THE INPUT: Begin

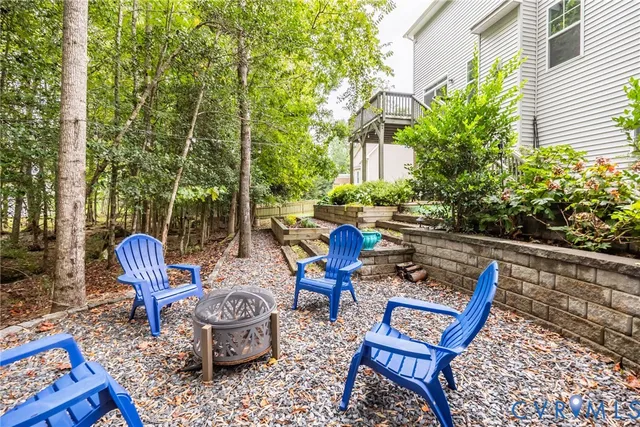 a house view with a sitting space and garden
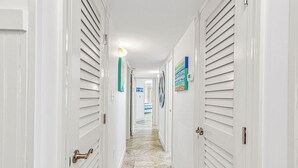 A hallway with white doors, a stone floor, and a ceiling light. - 3 Bed/3 Bath ~ 2nd Floor Oceanfront Prime Condo ~ Elevator ~ 1205 Queens Court (Emerald Isle)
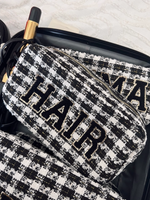 Picture of black and white tweed plaid make-up bag with varsity letter patches spelling out HAIR in black with gold trim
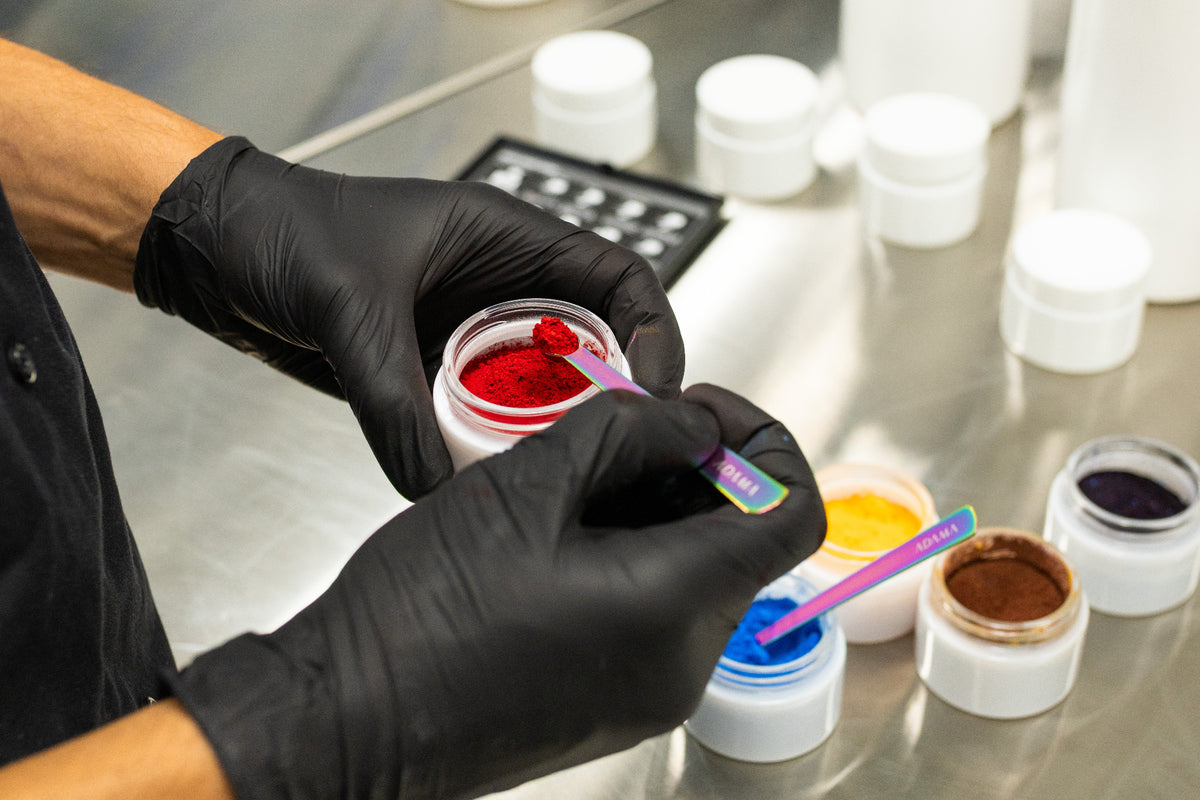 Red ADAMA natural food coloring powder being measured with a small spoon during product testing.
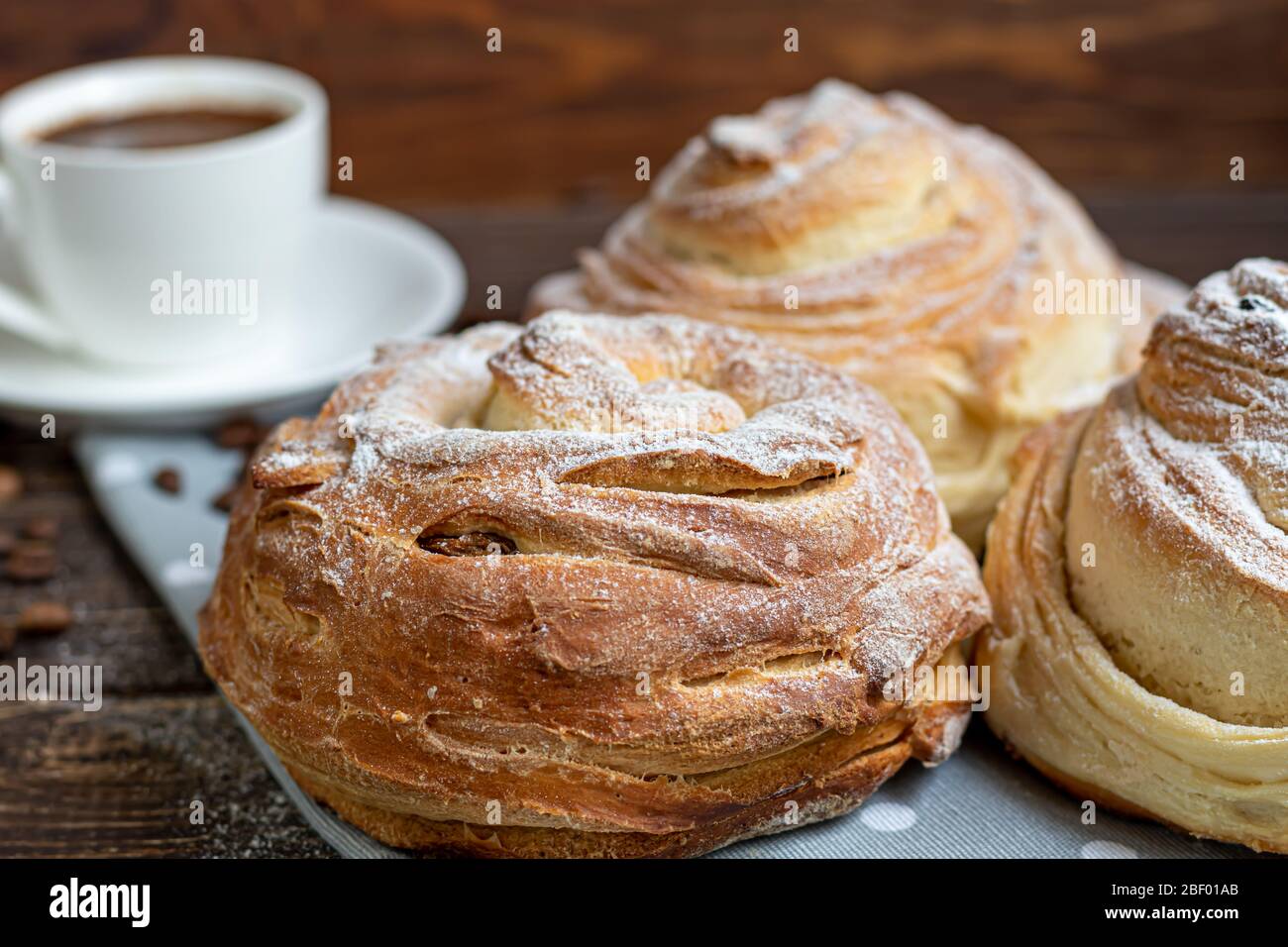 Les produits de boulangerie avec raisins secs et fruits secs sont situés sur un fond en bois sombre. Saupoudrés de sucre glace. Kraffins. Cuisine de Pâques. Espace de copie Banque D'Images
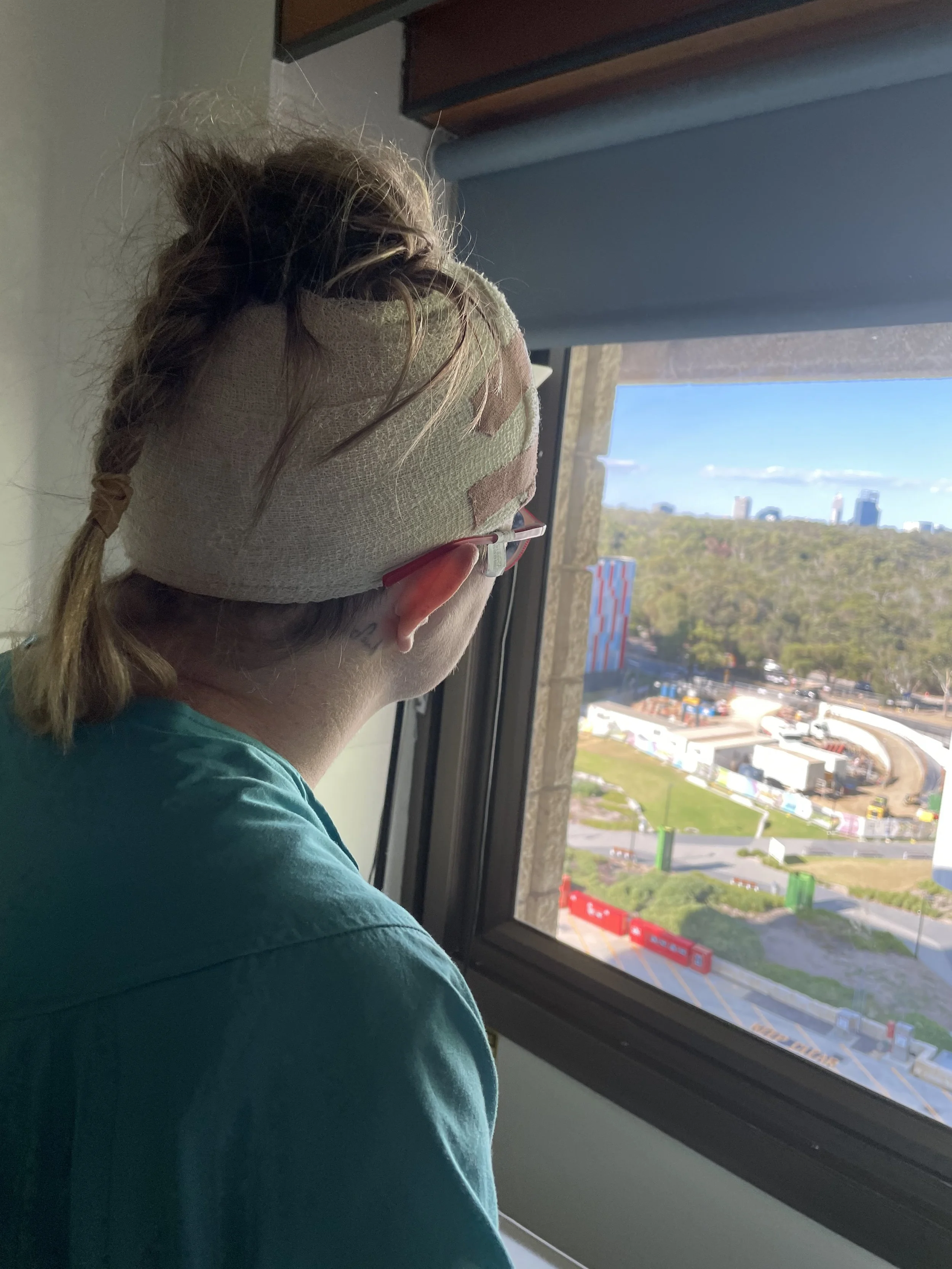 Hannah staring out her hospital window. She is wearing a greenish gown and her head is heavily bandaged from brain surgery. She is now deaf.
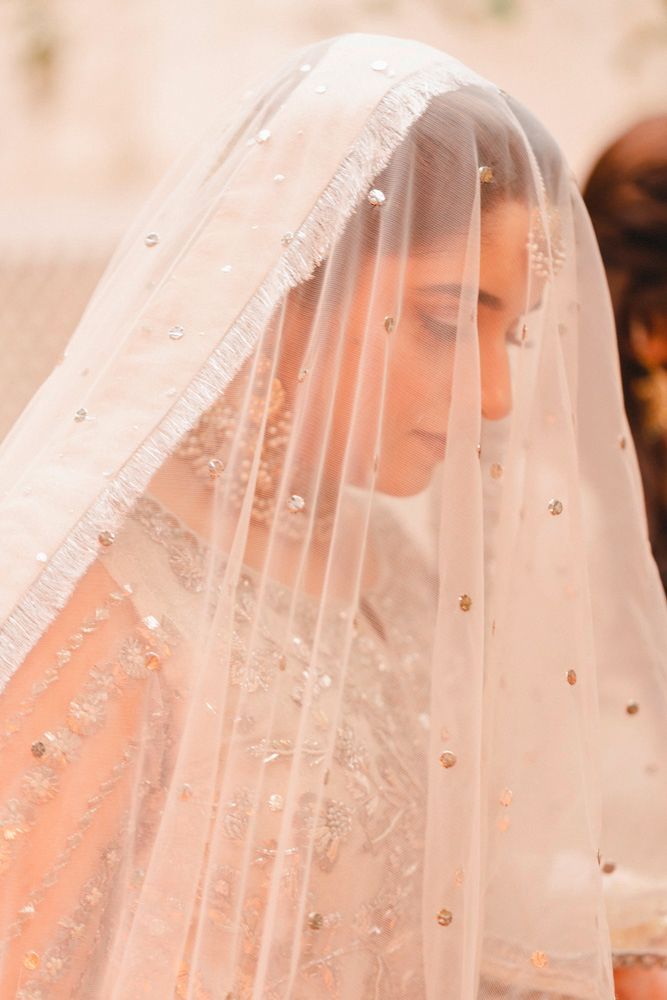 Close-up of the bride beneath her sequined veil during the nikah ceremony, Ahmed & Laraib's wedding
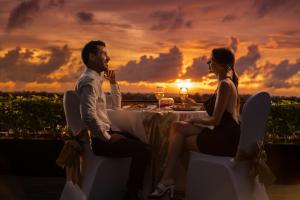 Ein Mann und eine Frau sitzen an einem Tisch vor einem Sonnenuntergang. in der Unterkunft The Trans Resort Bali in Seminyak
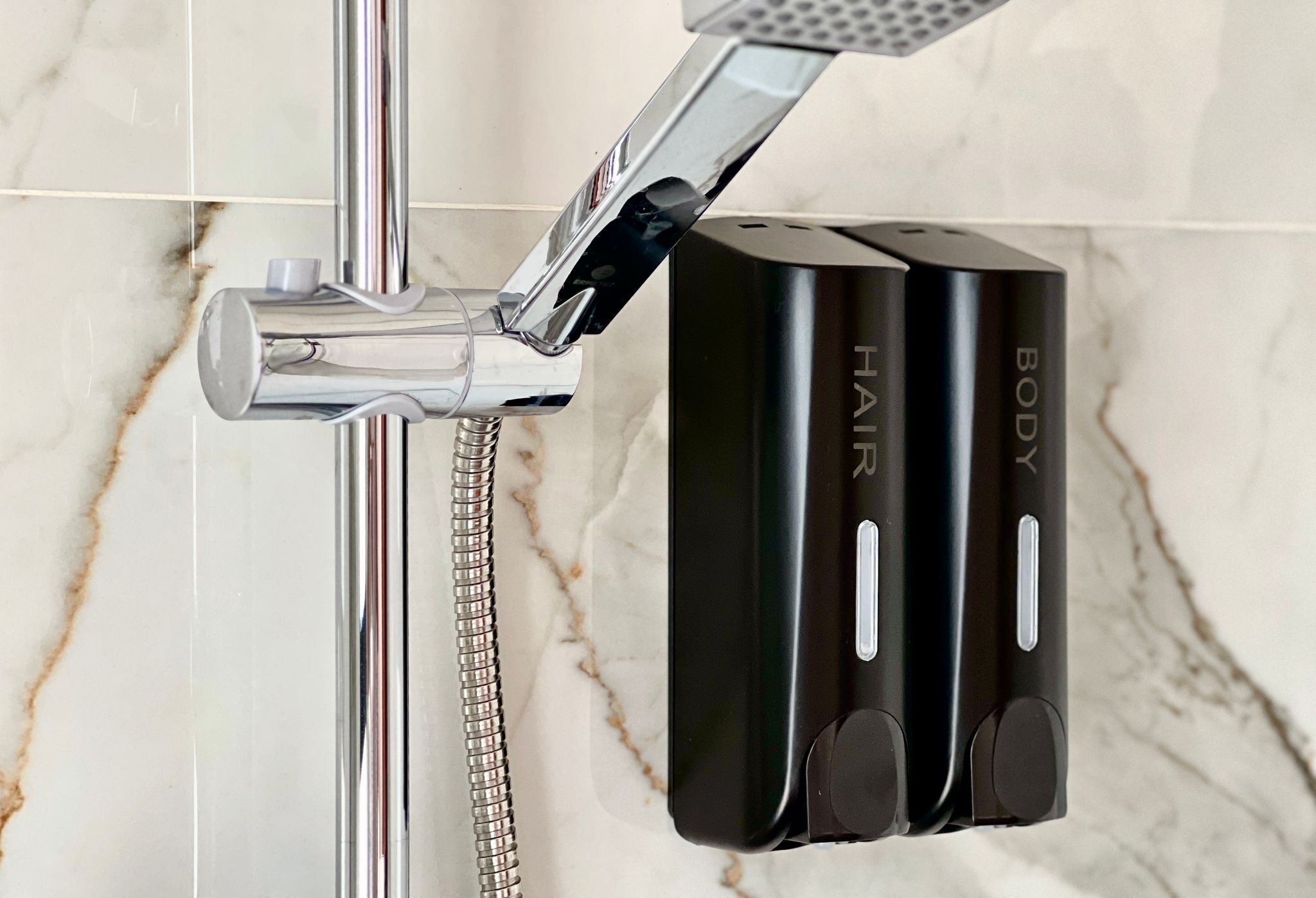 A bathroom with a modern shower setup, including a chrome faucet and a handheld showerhead.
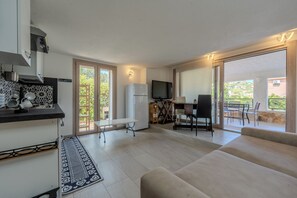 Una sala moderna con un sofá, una mesa de comedor con sillas, una zona de cocina con estufa y un televisor.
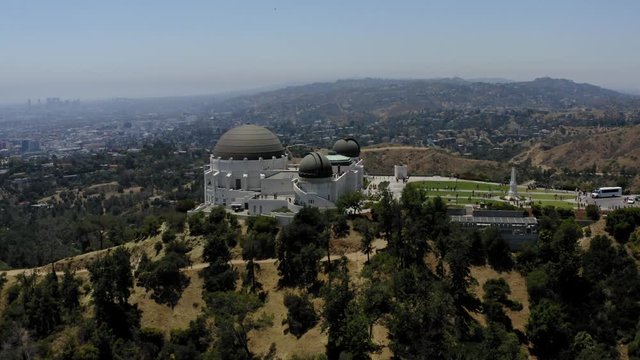 Aerial video slowly orbiting the Griffith Observatory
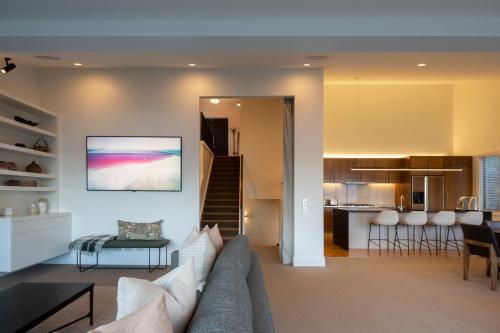 a living room and kitchen with a couch and a table at Picture Point Villa in Queenstown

THE INPUT: End

Leave every picture out and write out, word for word, the lines from the one that contains "Picture of black" through the last line of the records.

• SOLUTION TO THE PROBLEM:
 Picture of black and white tweed plaid make-up bag with varsity letter patches spelling out HAIR in black with gold trim
 Red ADAMA natural food coloring powder being measured with a small spoon during product testing.
 Les produits de boulangerie avec raisins secs et fruits secs sont situés sur un fond en bois sombre. Saupoudrés de sucre glace. Kraffins. Cuisine de Pâques. Espace de copie Banque D'Images
 Hannah staring out her hospital window. She is wearing a greenish gown and her head is heavily bandaged from brain surgery. She is now deaf.
 Close-up of the bride beneath her sequined veil during the nikah ceremony, Ahmed & Laraib's wedding
 Ein Mann und eine Frau sitzen an einem Tisch vor einem Sonnenuntergang. in der Unterkunft The Trans Resort Bali in Seminyak
 A bathroom with a modern shower setup, including a chrome faucet and a handheld showerhead.
 Una sala moderna con un sofá, una mesa de comedor con sillas, una zona de cocina con estufa y un televisor.
 Aerial video slowly orbiting the Griffith Observatory
 a living room and kitchen with a couch and a table at Picture Point Villa in Queenstown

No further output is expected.